The plan’s proposed separation of AI and non-AI businesses is also impractical. Before long, every large company will be an AI company in some respect, just as every large company became an internet company and a software company. Trying to draw legal walls around “AI” and “non-AI” operations could invite arbitrary enforcement and constant litigation.

Sanders’s universal dividend is premature as well. He has suggested the fund could eventually pay every American roughly $1,000 a year. But many frontier AI firms are valued on expectations, not mature cash flows. Many are not profitable. Others earn profits from legacy businesses rather than AI itself. Paying out 5% of a fund’s market value each year would risk turning paper gains into hard fiscal promises, forcing asset sales when cash is not available. Normal investment funds distribute income only after returns become steady and real.

Government As Investor, Not Operator

These fixes matter, but they are not exotic. They are the basics of sound sovereign wealth fund design . A successful fund should have a clear investment mandate, professional management, political independence, and a fiduciary duty to maximize long-term returns for taxpayers. Government is better suited to being an investor than an operator.

Still, Sanders deserves credit. His proposal is serious, even when it overreaches. It recognizes that the AI boom is not only a story of heroic entrepreneurs. It is also a story of taxpayers, researchers, artists, and ordinary citizens supplying inputs that a small group of companies now monetizes.

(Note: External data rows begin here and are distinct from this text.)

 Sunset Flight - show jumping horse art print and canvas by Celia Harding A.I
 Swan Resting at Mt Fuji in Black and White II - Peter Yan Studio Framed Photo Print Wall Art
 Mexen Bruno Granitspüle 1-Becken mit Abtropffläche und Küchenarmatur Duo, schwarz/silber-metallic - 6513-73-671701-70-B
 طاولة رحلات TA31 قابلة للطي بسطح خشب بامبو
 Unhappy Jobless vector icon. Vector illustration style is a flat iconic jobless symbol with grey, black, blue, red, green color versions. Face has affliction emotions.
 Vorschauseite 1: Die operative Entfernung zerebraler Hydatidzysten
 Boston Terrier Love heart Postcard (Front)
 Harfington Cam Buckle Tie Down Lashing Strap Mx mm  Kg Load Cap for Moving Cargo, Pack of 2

Asking the public to absorb job disruption, higher energy costs, privacy risks, and the broader social consequences of AI while a narrow class of owners captures all the gains is not a stable arrangement.

Trump made the sovereign wealth fund idea respectable on the right by tying it to federal assets and strategic national interests. Sanders has made it urgent on the left by tying it to AI and the question of who controls technological rents. Between those poles lies a workable policy. Private firms should remain free to innovate, raise capital, and earn profits. But when public resources, public science, and the labor of millions help create private fortunes, the public deserves a claim on the value it helped build. Market capitalism works, and government and taxpayers are participants in markets too. Asking for a return on their investment is about as capitalist as it gets.